"There was a calmness, honestly," said quarterback Jimmy Garoppolo, who helped the Niners to a 13-10 victory in the NFC divisional round Saturday. " ... Even when they had the lead, I felt like we were in control of the game as crazy as that sounds. You could feel it on the sidelines and we were waiting for that one play to spark us."
Of course they were. For all the talk about identities and the Niners' desire to be the more bruising team in any game they play, their defining trait is a mental toughness that somehow exceeds the physical kind.
This is a team that lost four straight games early in the season. A team that was 3-5 after a blowout loss to an injury-riddled, junior varsity version of the Arizona Cardinals in Week 9. A team that failed to put away multiple games because of a flurry of self-inflicted mistakes. A team that trailed the Los Angeles Rams by 17 in a win-or-go-home Week 18 game before rallying to win in overtime.
At every turn, it would have been easy for the 49ers to relent and call it a season. Instead, these Niners seem to take pleasure in the elevated blood pressure they create for their faithful fans as they deliver harrowing victory after harrowing victory.
"It was only a matter of time before things started clicking, and we have been in some really tough games but we're not standing here with a win if we didn't go through what we did in LA against the Rams," linebacker Fred Warner said. "I think going through that kind of win and taking it in to Dallas [in the wild-card round], winning that game and then obviously here [in Green Bay]. It's all kind of just a storybook."
Saturday's win might have been the most dramatic chapter yet. On a night when the offense was snowed under, the Niners' defense limited Packers quarterback Aaron Rodgers to the worst QBR of his playoff career (19.3) and held Green Bay to a lone field goal on nine possessions following an opening-drive touchdown.
Then, as has so often happened in the second half of the season, the Niners got significant contributions from the place it's least expected. This time, it was special teams coming up with a blocked field goal, a big kickoff returns to setup a field goal, a blocked punt for a touchdown and another Robbie Gould field goal for the to win.
All of this against a Packers team that was arguably the best in football all season while managing wind chills at kickoff of zero degrees and a second-half snow shower.
In San Francisco's locker room, the result was expected. It's almost never pretty but the results have been.
"I feel like we are under pressure every week," free safety Jimmie Ward said. "If we don't win, people call us trash. If we do win, we didn't win the style, the way that y'all wanted us to win. So, at the end of the day, we can't please everybody but a win is a win."
Where does this Goonies-esque "never say die" attitude come from? Ward points to the work the team puts in during the offseason and training camp plus the lingering memories of Super Bowl LIV slipping away to the Kansas City Chiefs in the fourth quarter.
Warner believes it starts with the type of players the franchise looks to add -- "guys who love football."

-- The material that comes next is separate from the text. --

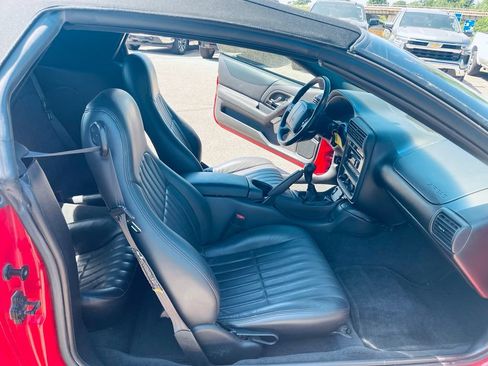 Used 2002 Chevrolet Camaro Z28 RWD image 21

This isn't a coincidence. When Shanahan arrived in 2017, he told ESPN a story about how as a redshirt freshman he skipped a final at the University of Texas so he could participate in a December scrimmage for redshirt players.
Seven of Shanahan's teammates took the final. Shanahan was there for football first and never pretended otherwise. It's the same love of the game he now seeks in every player the 49ers acquire.
"Our team has been through so many different situations this year that we just never overreact to anything," Shanahan said. "We just keep playing football. We have a bunch of guys on that team that I just like to call 'true football players.' They really enjoy it. They enjoy watching it. They enjoy practicing. And they love playing. Those guys, they just don't get discouraged. They don't get frustrated at the other side of the ball. Guys just keep working and trying to have each other's backs."
Legendary boxer Mike Tyson famously said everybody has a plan until they get punched in the mouth. The 2021 Niners' plan seems to be to stand in the middle of the ring, dare the opponent to punch them in the mouth and then come back swinging harder than ever. It's a sort of football rope-a-dope that borders on insanity but is just crazy enough to work.
It's got them one more victory away from the Super Bowl as the No. 6 seed in the NFC. They'll be underdogs the rest of the way -- first in the NFC Championship Game against the Rams -- which is fine by them.
Because to know where they're going, these 49ers never forget where they've already been.
"Some of the stuff that we have went through this year that I don't ever want to happen, but I think that is kind of what has made us who we are," Shanahan said. "And I think that's why we are the team we are right now. That is why we are still standing."